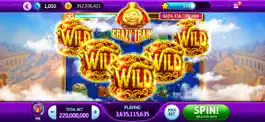 Game screenshot Slotomania™ Slots Machine Game mod apk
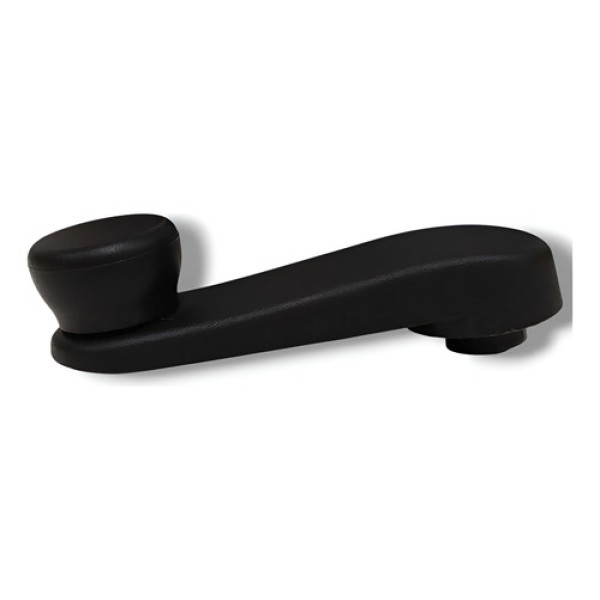 Manivela Vidro Porta Traseira Direita Chevrolet Onix 2014 Preto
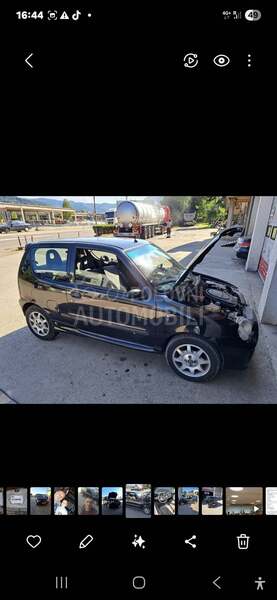 Fiat Seicento 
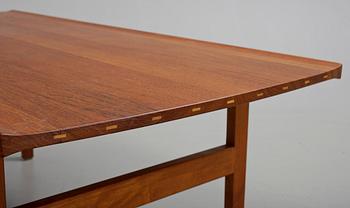 SOFFBORD, Säffle möbelfabrik, Tove Kindt-Larsen, 1960-tal.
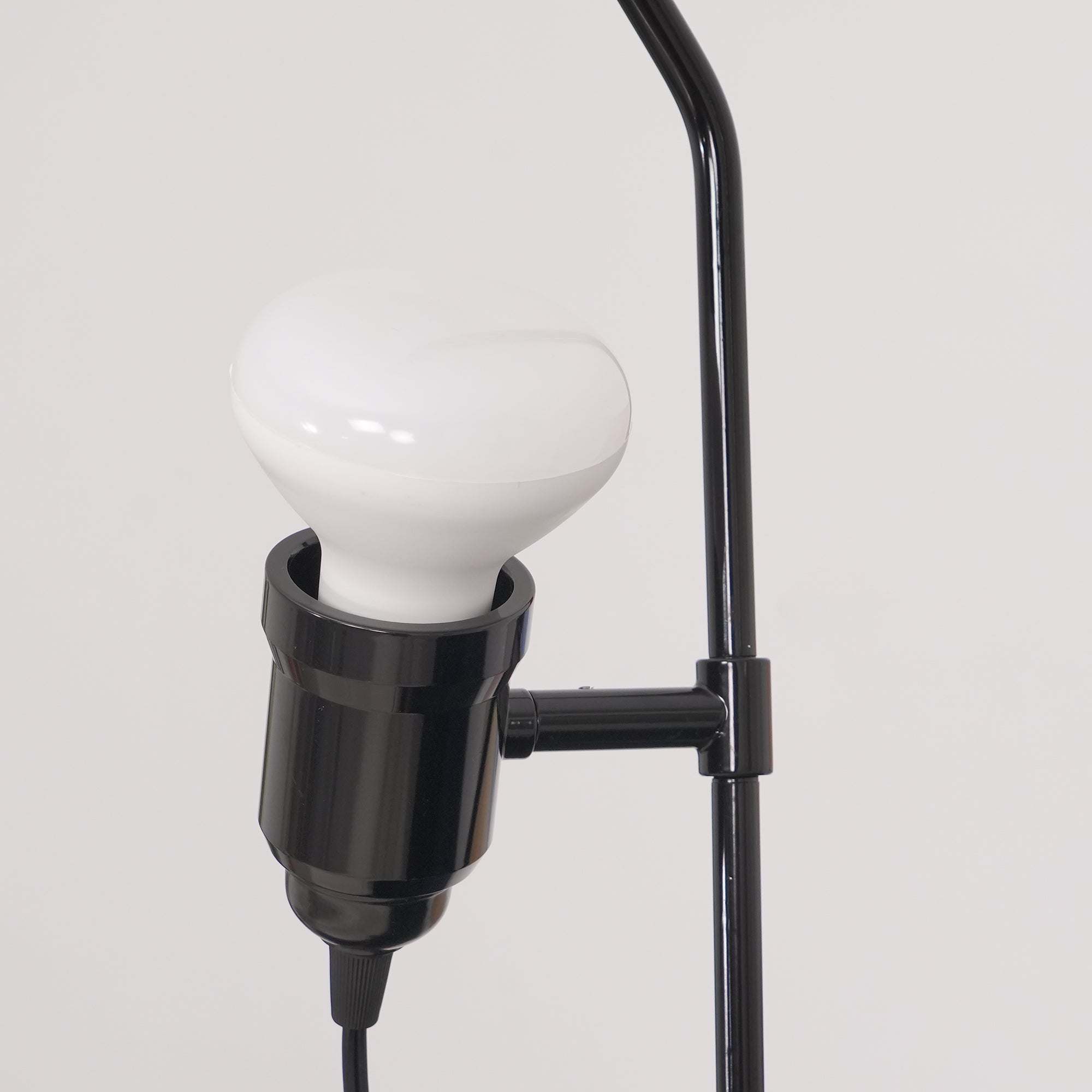 Floor-to-Ceiling Tension Cable Lamp Adjustable Spotlight LED Modern Living Room Bedroom Office — 4 Finishes
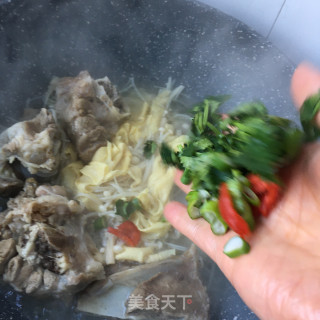 大骨汤的做法步骤：17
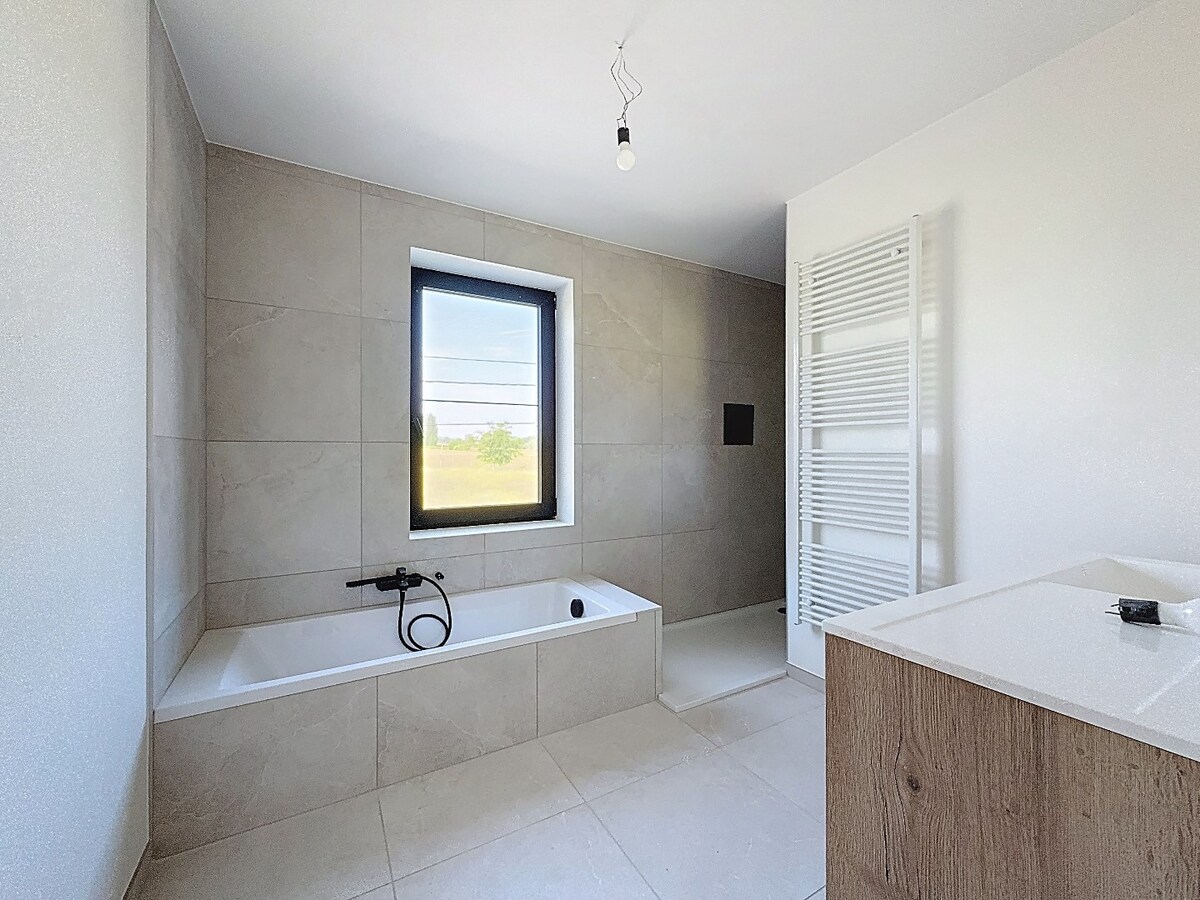 Moderne halfopen BEN-woning aan 6% BTW 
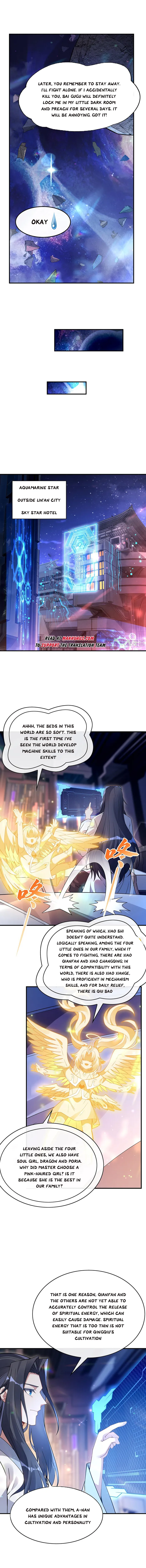 Read My Female Apprentices Are All Big Shots From the Future EN Manga Online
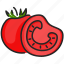 tomato, fruit, vegetable, vitamin, nutrition, organic, food, healthy, tomates 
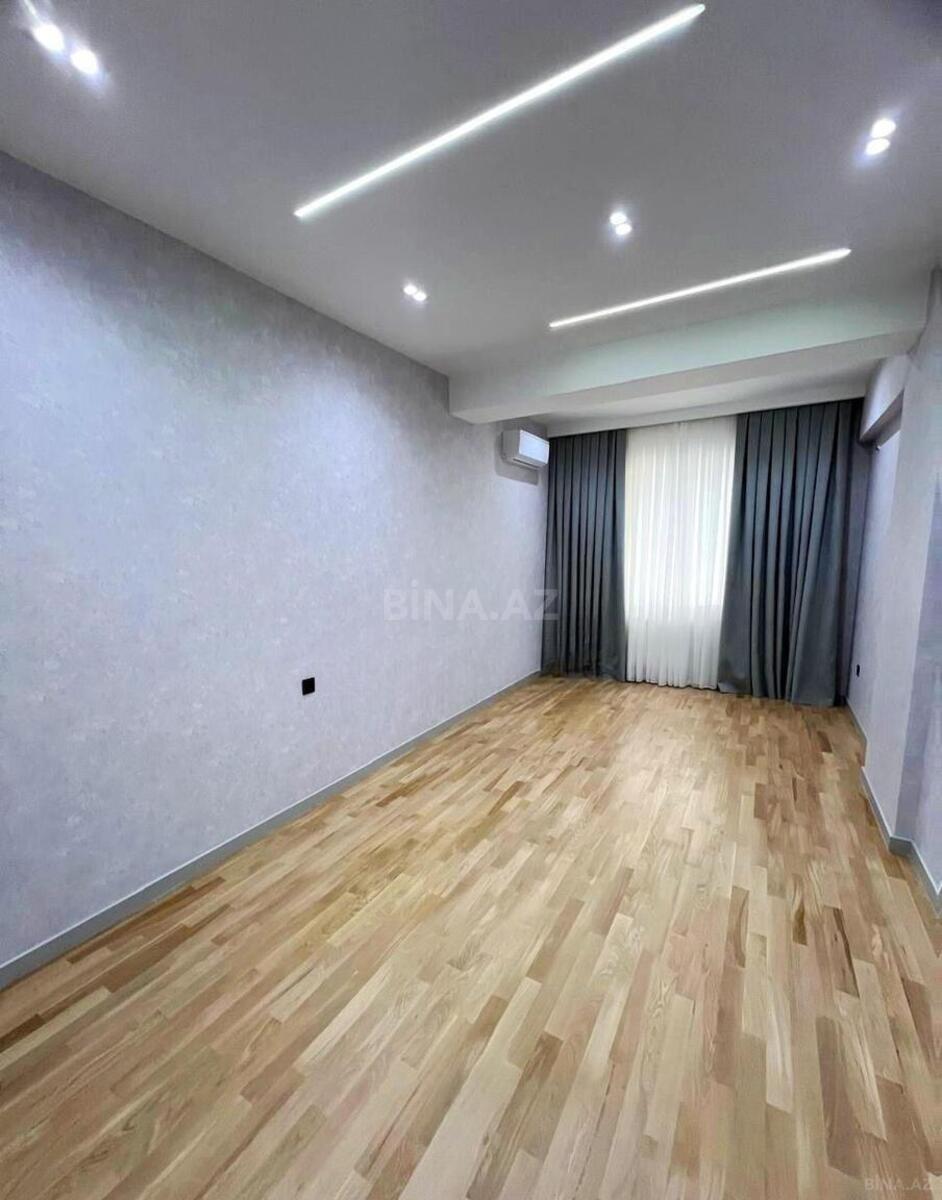4 otaqlı Yeni tikili, Nəsimi r., Bakı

→ **Try it**: Copy exactly the lines that begin at the one containing "food, healthy, tomates" and end at the last line of the records, both included, omitting the pictures.

→ **Response area**:
 tomato, fruit, vegetable, vitamin, nutrition, organic, food, healthy, tomates 
4 otaqlı Yeni tikili, Nəsimi r., Bakı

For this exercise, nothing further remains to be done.